Rusya, ABD ve AB’nin bölgedeki varlığından ve bu güçlerin son dönemde kendisine karşı faaliyetlerini yoğunlaştırmasından büyük bir rahatsızlık duymaktadır. Zira Rusya, tarihsel olarak da güçlü bağlarının bulunduğu D. Avrupa’yı her daim kendi arka bahçesi olarak görmektedir. Bu bölgede, ABD’nin var olması ve güç kazanması Rusya açısından yaşamsal bir tehdit olarak sayılmaktadır. Çünkü Rus emperyalizmi, bölgede ABD’nin tam hakimiyet kurması halinde yayılmacı emellerinin suya düşeceğinin ve batıya-Avrupa’ya doğru genişlemesinin de imkânsız hale geleceğinin farkındadır. Doğu Avrupa’yı kaybetmek, Rusya’nın Avrupa ile bağlantısının kesilmesi, Rus ekonomisi açısından büyük bir öneme sahip olan enerji sevkiyatı güzergahlarının da ABD denetimi altına girmesi anlamına gelecektir. Dahası sınır komşusu olduğu bu bölgede NATO ve ABD varlığının artması, Rusya tarafından kendi iç güvenliğine yönelik de hayati bir risk olarak görülmektedir. Karşılıklı blöfler şantaj ve tehditlerle başlayan süreç tüm bu faktörler nedeniyle Rusya, ABD ve AB’nin bölgede attığı adımlara karşı oldukça agresif cevaplar vermekten geri durmadıkları bir düzeye varmıştır. Örneğin ABD’nin Ukrayna’yı kışkırtması ve bu ülkeyi NATO’ya almaya hazırlanmasına karşı Rusya, Ukrayna sınırına binlerce asker sevk etmiştir. Böylece Ukrayna’nın NATO üyesi yapılması halinde bu ülkeyi işgal edeceğini açıkça göstermiştir. Ya da ABD-AB, Belarus’ta Lukaşenko rejimini devirmek adına iç karışıklıkları kışkırttığında, Rusya hemen bu ülkeye binlerce asker-polis ve silah sistemleri sevk ederek ayaklanmanın bastırılmasını sağlamıştı. Özcesi Rusya, bu örneklerden de anlaşılacağı üzere ABD ve AB’yi Doğu Avrupa’daki emellerinden caydırmak adına savaş dahil her türlü seçeneği gündemde tutmakta ve agresif karşı adımlar atmaktan çekinmemektedir.

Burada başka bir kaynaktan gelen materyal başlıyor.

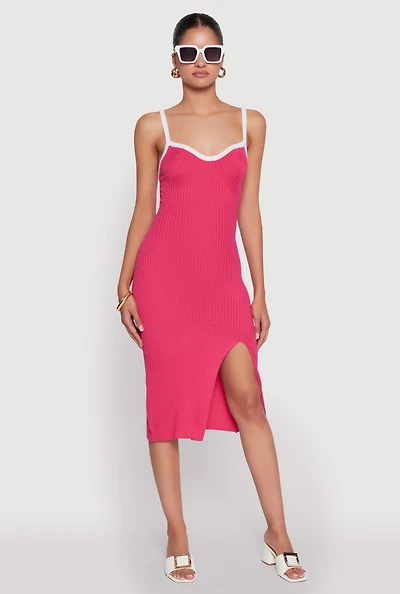 Womens Contrast Trim Front Slit Cami Dress, Pink, Size L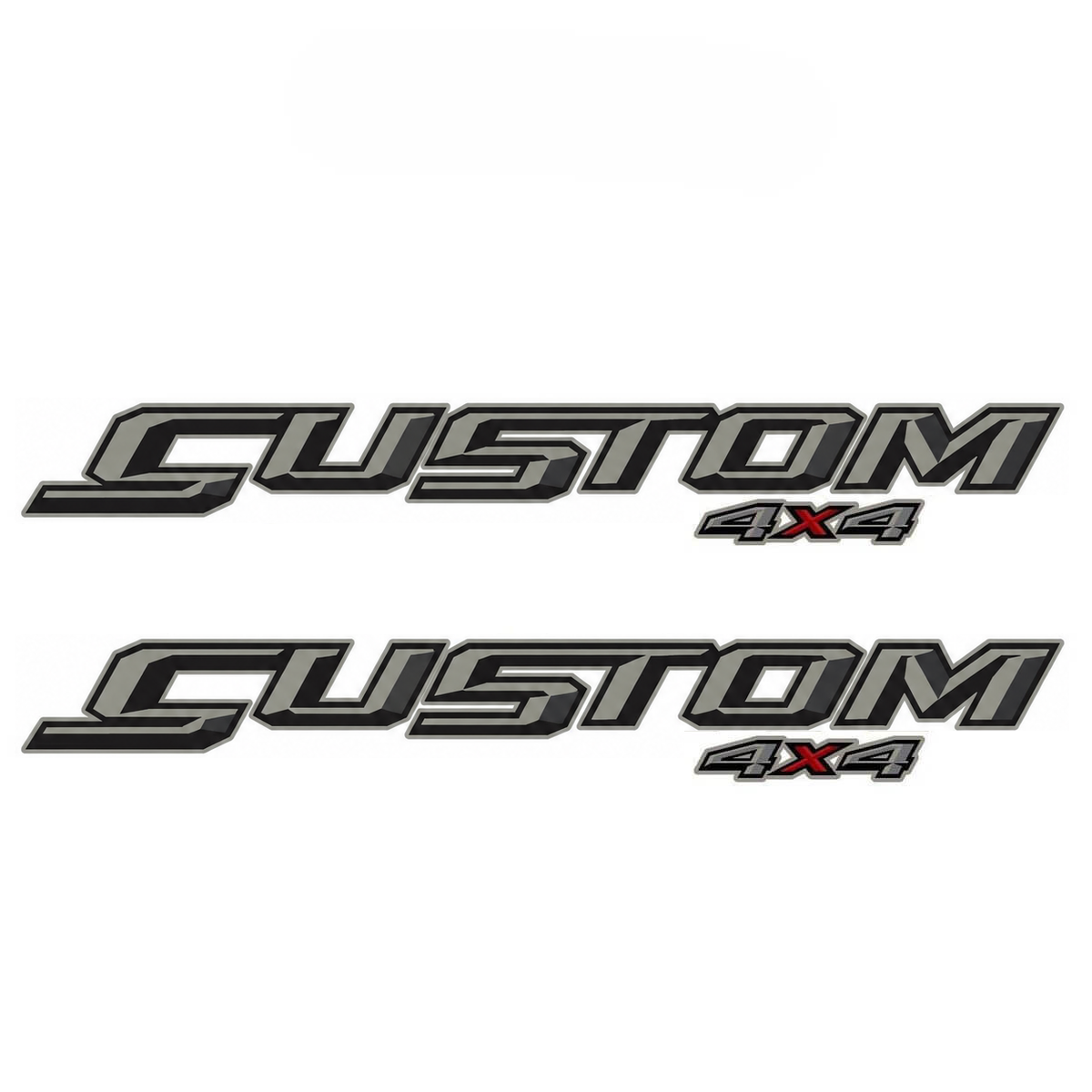 CUSTOM Graphite Lettering with Red 4X4 Bedside Vinyl Decal Pair for Musclecar truck F-250 2018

İşte şimdi de Belarus’ta bulunan göçmenlerin Polonya sınırına yığılmasını sağlayarak, NATO cephesinin Doğu Avrupa’daki adımlarına karşı yeni bir yanıt vermektedir. Ekonomik-askeri ve siyasi olarak ABD ve AB’nin baskısı altında olan ve iyice zayıflayan Lukaşenko ve Belarus devletinin hamisi Rusya’dan bağımsız bir adım atamayacağı zaten açıktır. Belarus’un ülkeye hava yolu ile gelmiş ve kamplarda tuttuğu Ortadoğulu göçmenlerin önünü açarak Polonya sınırına yönlendirmeleri bizzat Putin’in onayı ile mümkün olmuştur. Rusya, mülteci ve göçmenlere karşı gitgide daha milliyetçi ve faşist bir tutum alan AB’li emperyalistlerin, yeni bir mülteci akınından ne denli çekindiğini bilmektedir. Dolayısıyla Putin bu hamle ile hem Almanya ve Fransa emperyalistlerine hem de bölgede ABD’nin gönüllü taşeronluğuna soyunan Polonya ve Baltık ülkelerine önemli bir mesaj vermektedir. Rusya, bu devletleri göçmenler üzerinden baskı altına alarak, ABD ile birlikte hareket etmelerini önlemeye çalışmaktadır. AB’ye, Doğu Avrupa’da ABD stratejisine eklemlenmeye devam etmesi, Rusya karşıtı adımlar atmaya devam etmesi halinde, kendisinin de boş durmayacağını ve elinde birçok koz bulunduğunu da göstermektedir.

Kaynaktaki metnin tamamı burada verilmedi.